- Dataset excerpts
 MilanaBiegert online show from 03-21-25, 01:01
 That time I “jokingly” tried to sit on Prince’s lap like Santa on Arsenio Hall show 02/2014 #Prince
* * *
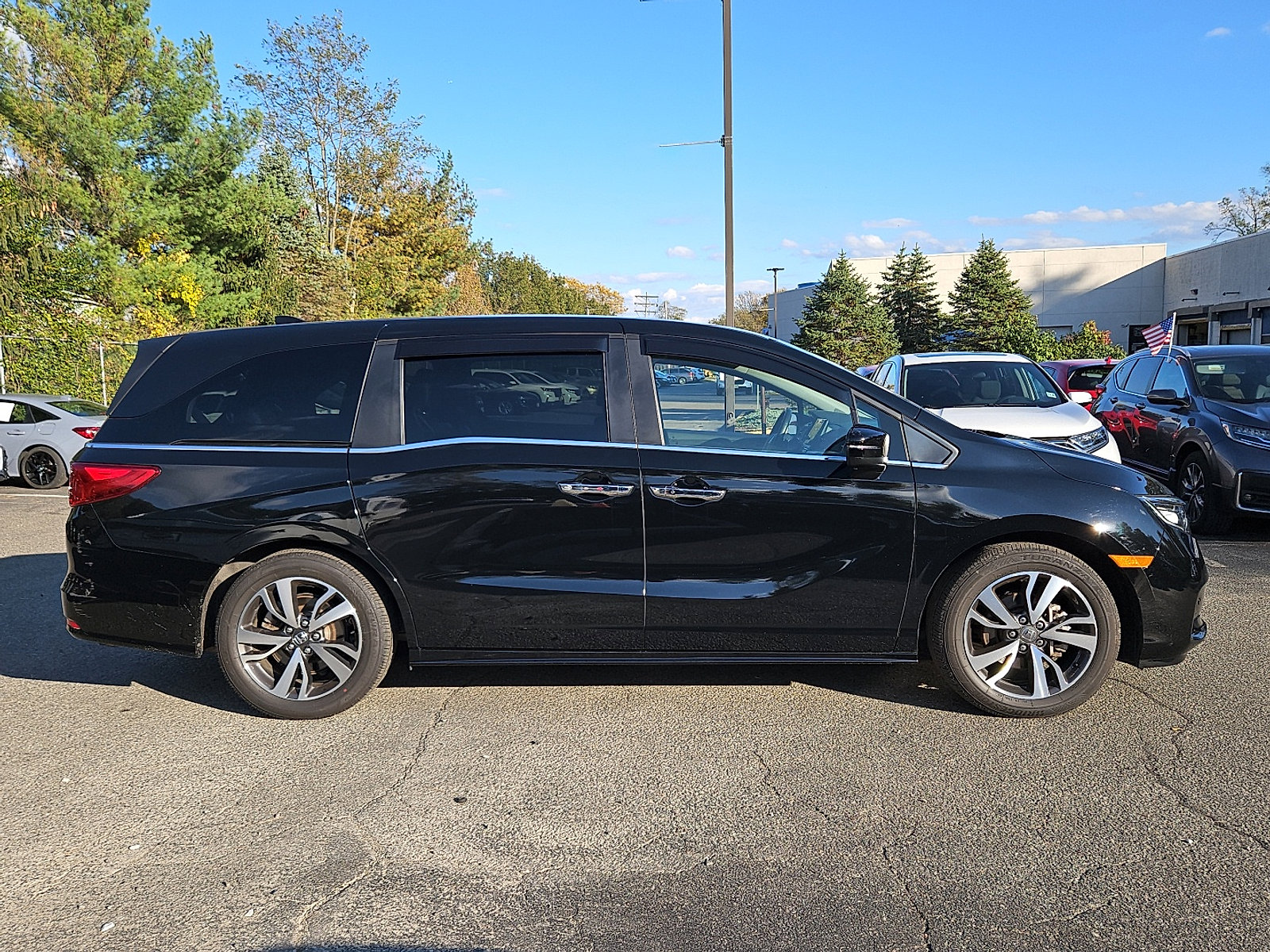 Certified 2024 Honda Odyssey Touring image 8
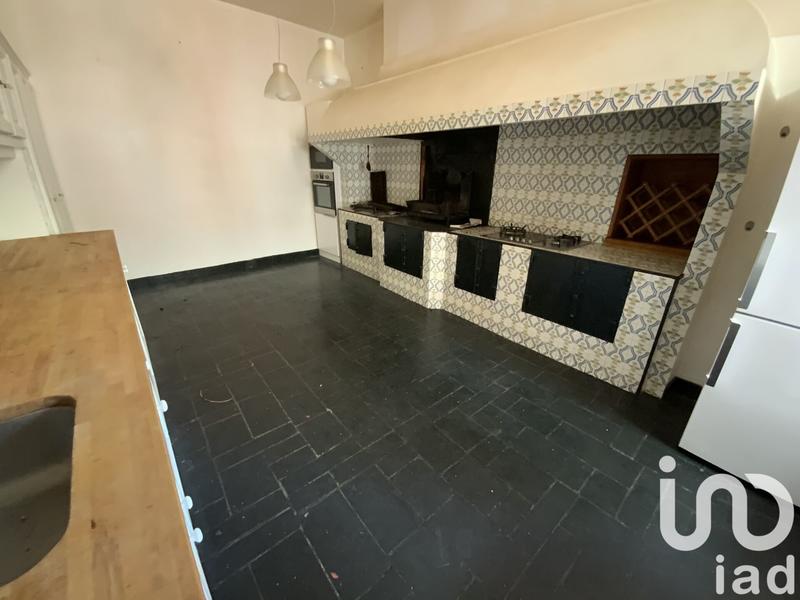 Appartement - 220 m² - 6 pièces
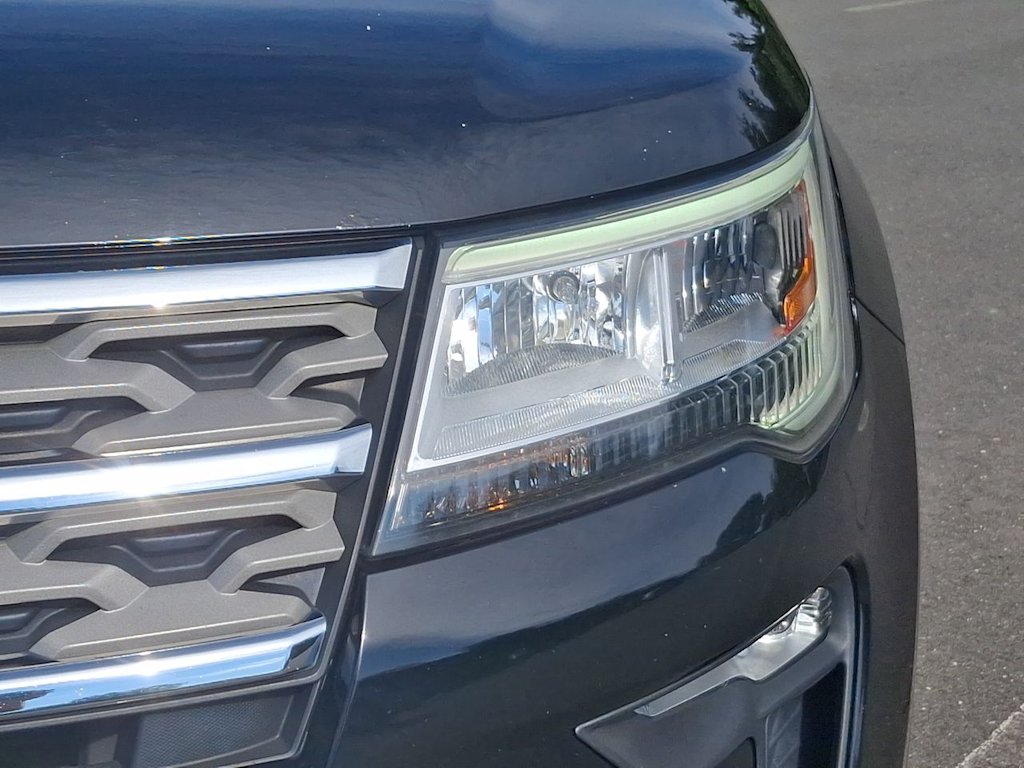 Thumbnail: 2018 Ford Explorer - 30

- Problem requirements
Collect each line of the entries that has the word "show", copying it in full.

- Exercise answer
 MilanaBiegert online show from 03-21-25, 01:01
 That time I “jokingly” tried to sit on Prince’s lap like Santa on Arsenio Hall show 02/2014 #Prince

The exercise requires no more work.